Al revisarlas bien encontré, treinta y pico de años después, que todas tenían copiado por detrás el texto original, como sucedía cada vez que uno se equivocaba y ponía el papel carbón al revés. Si esas cartas se publicaran podría modificarse la imagen mítica que han querido construirle a Andrés, para que las generaciones futuras no entiendan la magnitud del genio que nos tocó presenciar. Por eso he preferido convocarlas a la hoguera del olvido y recordar, mientras viva, la responsabilidad que le cupo a toda la sarta de mujeres que le rodearon siempre e impidieron habérnoslo dejado vivo más tiempo.
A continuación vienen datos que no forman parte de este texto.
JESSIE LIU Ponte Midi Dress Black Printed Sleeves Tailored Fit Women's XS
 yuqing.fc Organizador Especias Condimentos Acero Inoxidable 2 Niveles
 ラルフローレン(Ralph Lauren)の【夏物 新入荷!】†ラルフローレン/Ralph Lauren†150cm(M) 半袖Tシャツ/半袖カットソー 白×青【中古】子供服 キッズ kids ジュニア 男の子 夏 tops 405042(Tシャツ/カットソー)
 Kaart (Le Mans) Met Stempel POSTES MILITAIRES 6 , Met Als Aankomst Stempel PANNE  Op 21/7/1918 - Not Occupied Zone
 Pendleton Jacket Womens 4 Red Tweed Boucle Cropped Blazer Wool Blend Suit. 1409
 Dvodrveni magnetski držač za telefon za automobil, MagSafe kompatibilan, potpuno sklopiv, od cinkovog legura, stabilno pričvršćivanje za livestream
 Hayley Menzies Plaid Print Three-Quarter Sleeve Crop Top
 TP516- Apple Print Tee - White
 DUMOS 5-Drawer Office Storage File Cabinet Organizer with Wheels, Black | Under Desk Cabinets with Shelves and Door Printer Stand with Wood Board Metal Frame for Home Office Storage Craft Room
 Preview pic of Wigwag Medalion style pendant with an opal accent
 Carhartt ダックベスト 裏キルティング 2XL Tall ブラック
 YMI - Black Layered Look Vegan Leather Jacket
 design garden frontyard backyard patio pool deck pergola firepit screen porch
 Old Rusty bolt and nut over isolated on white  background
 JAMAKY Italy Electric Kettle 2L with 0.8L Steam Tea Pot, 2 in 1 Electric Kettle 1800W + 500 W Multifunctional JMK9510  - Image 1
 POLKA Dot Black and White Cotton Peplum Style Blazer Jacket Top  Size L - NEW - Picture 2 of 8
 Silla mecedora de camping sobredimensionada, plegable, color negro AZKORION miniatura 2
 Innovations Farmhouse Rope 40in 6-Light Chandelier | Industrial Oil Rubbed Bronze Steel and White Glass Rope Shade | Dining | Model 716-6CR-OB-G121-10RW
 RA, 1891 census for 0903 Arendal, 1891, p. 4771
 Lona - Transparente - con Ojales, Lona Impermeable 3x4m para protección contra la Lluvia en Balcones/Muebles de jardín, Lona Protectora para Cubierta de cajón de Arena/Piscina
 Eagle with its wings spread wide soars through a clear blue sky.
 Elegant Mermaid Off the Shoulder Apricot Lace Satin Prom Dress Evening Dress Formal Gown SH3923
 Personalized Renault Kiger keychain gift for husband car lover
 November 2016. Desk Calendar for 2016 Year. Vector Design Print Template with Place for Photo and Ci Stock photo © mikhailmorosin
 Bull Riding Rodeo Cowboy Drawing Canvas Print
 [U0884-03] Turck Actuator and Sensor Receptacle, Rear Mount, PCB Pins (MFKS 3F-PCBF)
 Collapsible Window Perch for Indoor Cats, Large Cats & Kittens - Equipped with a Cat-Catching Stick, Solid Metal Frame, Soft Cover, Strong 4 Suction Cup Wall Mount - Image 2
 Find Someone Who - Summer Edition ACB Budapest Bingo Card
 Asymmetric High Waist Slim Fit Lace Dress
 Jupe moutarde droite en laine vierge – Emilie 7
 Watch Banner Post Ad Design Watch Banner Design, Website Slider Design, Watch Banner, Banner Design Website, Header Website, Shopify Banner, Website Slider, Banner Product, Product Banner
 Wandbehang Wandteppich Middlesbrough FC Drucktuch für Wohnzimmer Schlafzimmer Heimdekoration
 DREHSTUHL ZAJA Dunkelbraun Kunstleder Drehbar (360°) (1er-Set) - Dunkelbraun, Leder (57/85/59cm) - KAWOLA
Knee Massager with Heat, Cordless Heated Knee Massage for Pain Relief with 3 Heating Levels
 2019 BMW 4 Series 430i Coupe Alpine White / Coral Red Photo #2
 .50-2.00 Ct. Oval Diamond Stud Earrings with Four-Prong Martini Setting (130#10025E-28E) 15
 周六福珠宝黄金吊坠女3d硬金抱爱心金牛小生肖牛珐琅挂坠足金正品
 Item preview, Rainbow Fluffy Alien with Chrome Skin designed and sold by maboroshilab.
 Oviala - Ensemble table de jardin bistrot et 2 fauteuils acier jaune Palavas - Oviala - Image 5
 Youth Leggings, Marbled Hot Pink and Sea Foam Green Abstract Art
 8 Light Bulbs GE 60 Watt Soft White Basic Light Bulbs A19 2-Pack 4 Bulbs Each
La última vez que me encontré con Andrés fue unos días antes de su muerte. Era un hombre más desbaratado que su personaje. Ya no tenía el odio en los ojos con que me miró en 1974, cuando organicé el Congreso Latinoamericano de Literatura y, al lado de Vargas Llosa, Clarice Lispector, Agustín Yañez y tantos otros, él no estaba en el círculo del poder. Se había ido de nosotros y no podíamos traerlo más que como asistente a las conferencias. Tampoco tenía —ese día en que nos volvimos a encontrar en las gradas del correo aéreo de Cali, cuando salíamos de revisar nuestros apartados de correspondencia— la cara de asombro que puso el día que llegué hasta el colegio San Luis a verlo ensayar su obra de teatro. Quien estaba frente a mí era un hombre al que se le salía por los poros el exceso de droga y le atormentaba estúpidamente la angustia de no haber podido ser como los demás. Me hizo de frente el reclamo de por qué yo había ayudado a los otros de su generación a publicar sus obras en México y Argentina, pero no me dejó contestar porque inmediatamente me espetó que ya iba a salir en Colcutura su novela ¡Que viva la música!, el primer libro que editaría. Me lo dijo con tanta rabia que la satisfacción añorante que sentí en ese momento se frenó como si me hubiera encontrado con una pared. Así y todo le seguí conversando y le acompañé las dos cuadras y media que había de las gradas del correo aéreo hasta el edificio Corkidi, donde tenía su apartamento y en donde unos días después iba a suicidarse.
Llegué a mi casa e inmediatamente le escribí a Harold Alvarado Tenorio para contarle la buena nueva de la publicación de Andrés. Harold vivía en Pasto, donde me reemplazó como profesor de literatura en la Universidad de Nariño y guardaba por mí y por mis descubrimientos literarios ese afecto descomunal que toda la vida me ha tenido. La víspera del suicidio, Harold vendría desde Pasto a visitarle en el Corkidi y viviría en su presencia toda la película —que cada quien ha contado a su manera— de la bravata con Patricia, la compañera de entonces de Andrés, y las pastillas de Seconal que terminaron matándolo unas horas después.
Andrés, con un poco más de formación y un poco menos de droga, habría sido el gran producto literario colombiano de finales del siglo XX. Las mujeres que lo rodearon, desde su casa materna hasta su apartamento en el Corkidi, lo ahogaron en su propia genialidad y no le dejaron ni siquiera el salvavidas del amor para que pudiera sobreaguar. Ellas son las culpables de que el tartamudo no haya seguido haciendo literatura.